1956 - United Kingdom

Future Hollywood actor Robert Shaw (The Sting, Jaws) made his small screen debut as ex- pirate Dan Tempest, the leader of a small band of freebooters who roamed the Caribbean Seas in the 1720's on their ship The Sultana. 

The Deputy Governor of New Province persuaded Tempest and his men to fight on behalf of the Crown against the advancing Spanish, and so began 39 episodes of swashbuckling adventures and the first pirate series for the small screen. Made by Sapphire Films and ITC the series was filmed at Nettlefold Studios, Walton-On-Thames with sea sequences shot just off the coast of Falmouth. The ship itself was already a well-established star having been used as the Hispaniola in Disney's Treasure Island, and the Peaquod in John Huston's Moby Dick

Unusually, the regular cast (amongst who was Roger Delgado, later to star as Doctor Who villain The Master), did not actually appear until episode three, the first two being used to set the scene. Guest stars included future Carry On star Joan Sims and a very young Jane Asher. Shaw was not the first choice to play the lead; the producers cast Alec Clunes (father of modern day TV star Martin) but prospective US buyers CBS thought he was 'too British' for American viewers, and so Shaw, who at that time was struggling and broke, was given the role (Clunes was recast as Governor Woodes Rogers). The series made him but he didn't take long to become disenchanted with the scripts as well as the gruelling schedule that demanded 39 episodes in seven months. 

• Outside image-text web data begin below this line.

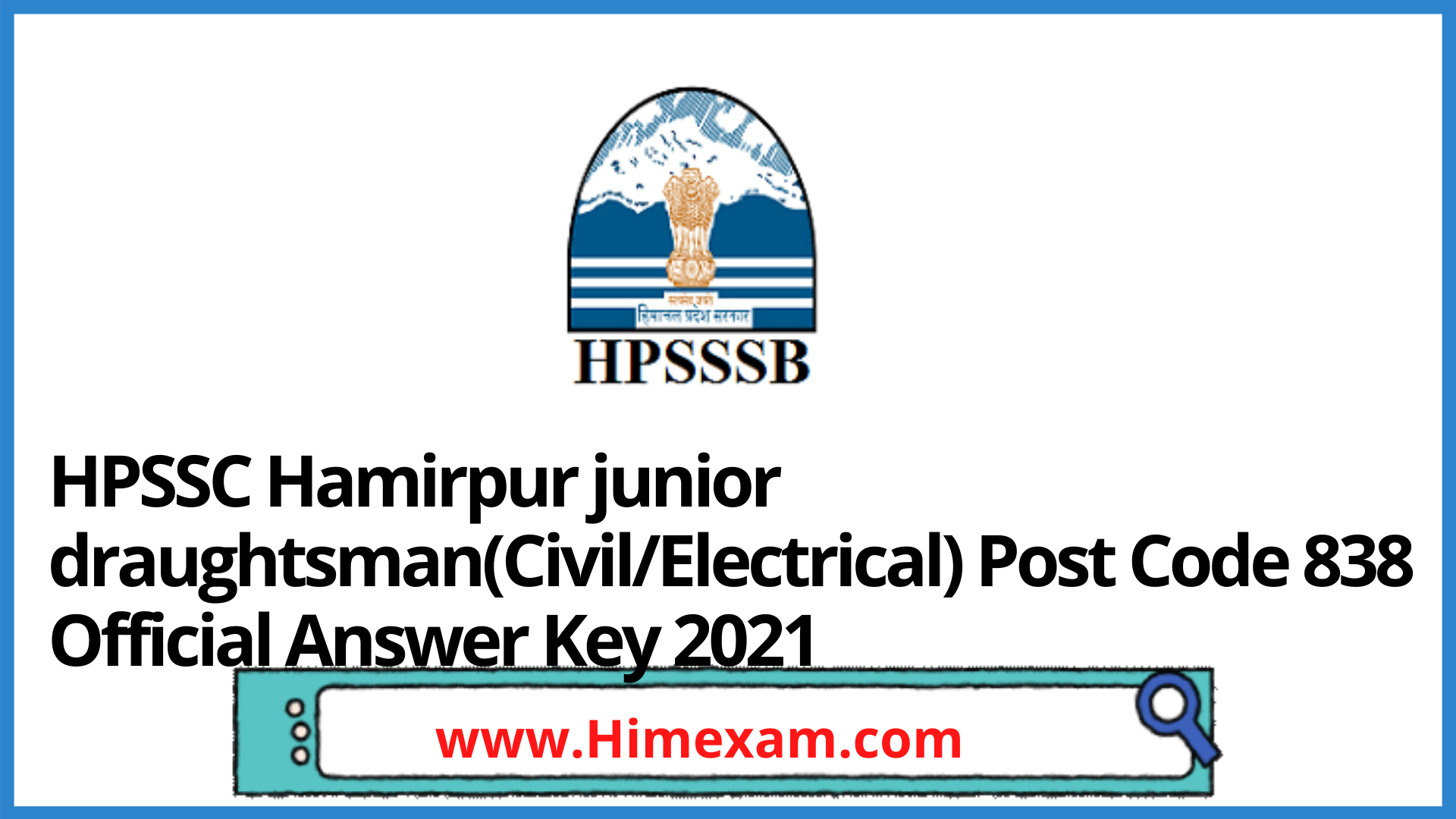 HPSSC Hamirpur junior draughtsman(Civil/Electrical) Post Code 838 Official Answer Key 2021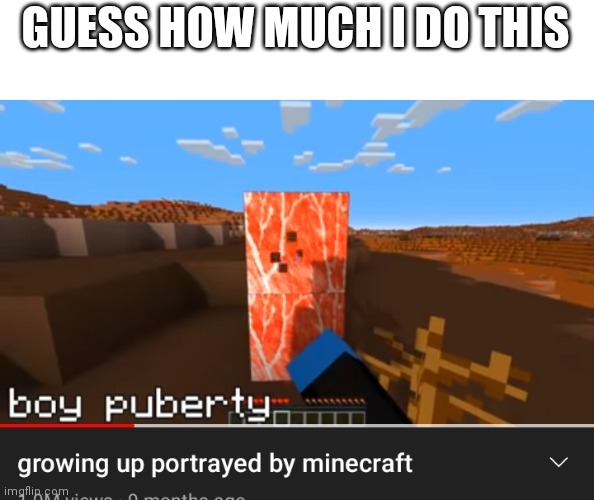 meat beaters where you at, NO RED BEDS | GUESS HOW MUCH I DO THIS | image tagged in puberty,boys | made w/ Imgflip meme maker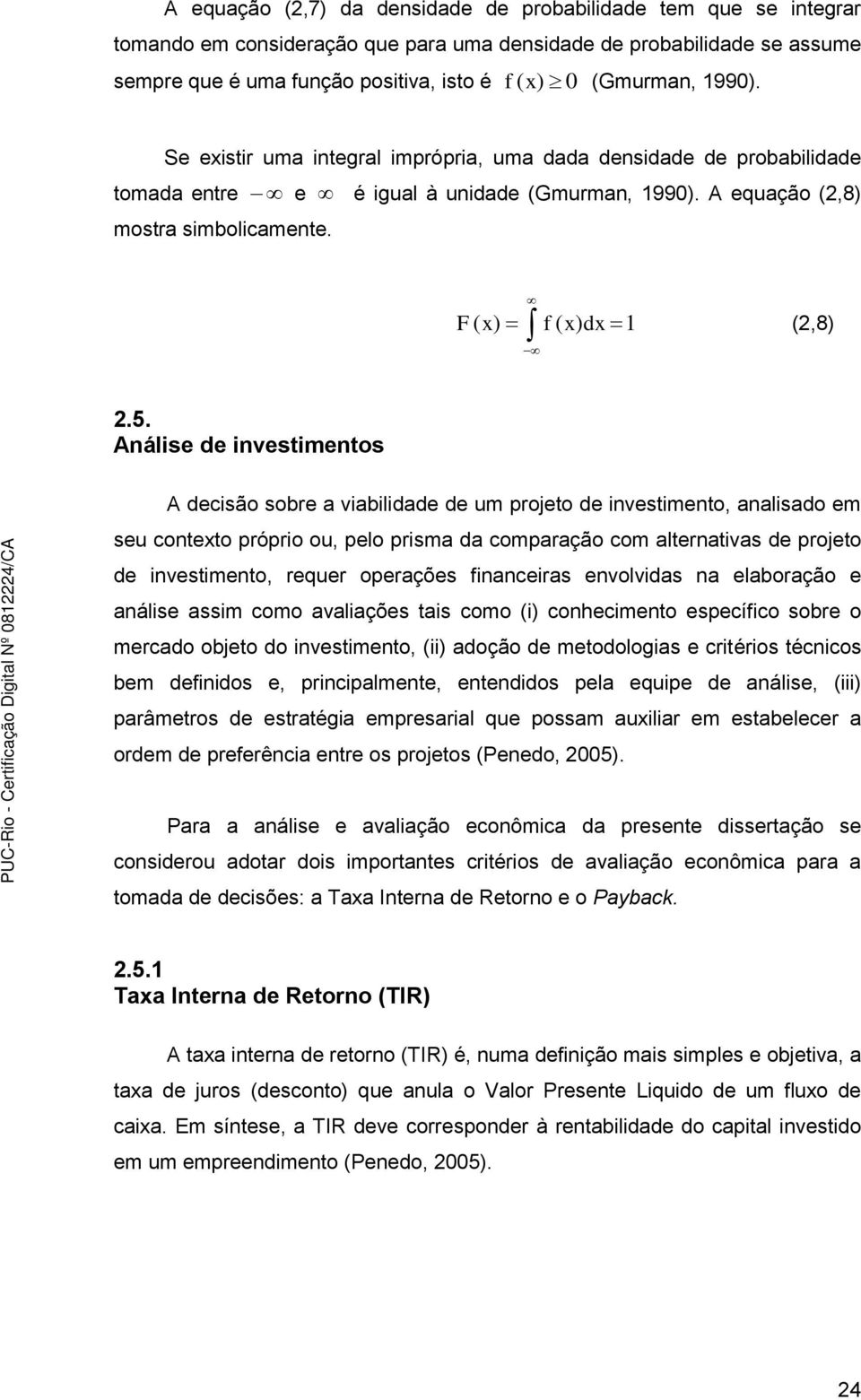 Análise de investimentos A decisão sobre a viabilidade de um projeto de investimento, analisado em seu contexto próprio ou, pelo prisma da comparação com alternativas de projeto de investimento,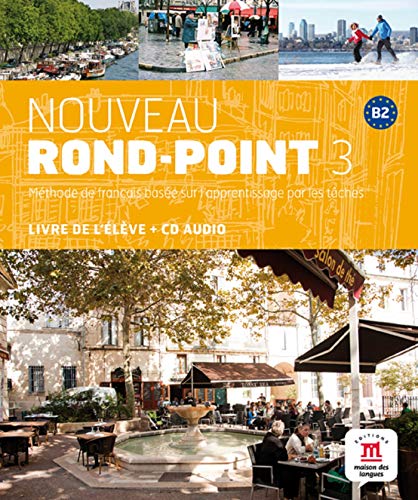 Nouveau rond-point. B2. Livre de l'élève. Per le Scuole superiori. Con CD. Con e-book. Con espansione online: Nouveau Rond-Point 3 Livre de l'élève + ... 3 Livre de l'élève + CD (Fle- Texto Frances)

By the end of the first series America had lost interest in the swashbuckler (showing a preference for Western's) and without the promise of overseas sales the series was cancelled. Shaw found himself hopelessly typecast and his career didn't pick up until 1963 when he appeared as a cold-blooded Russian killer in the James Bond film From Russia With Love. In 1976 he reprised his pirate image for the big screen in The Scarlet Buccaneer...but it was a critical and box office flop.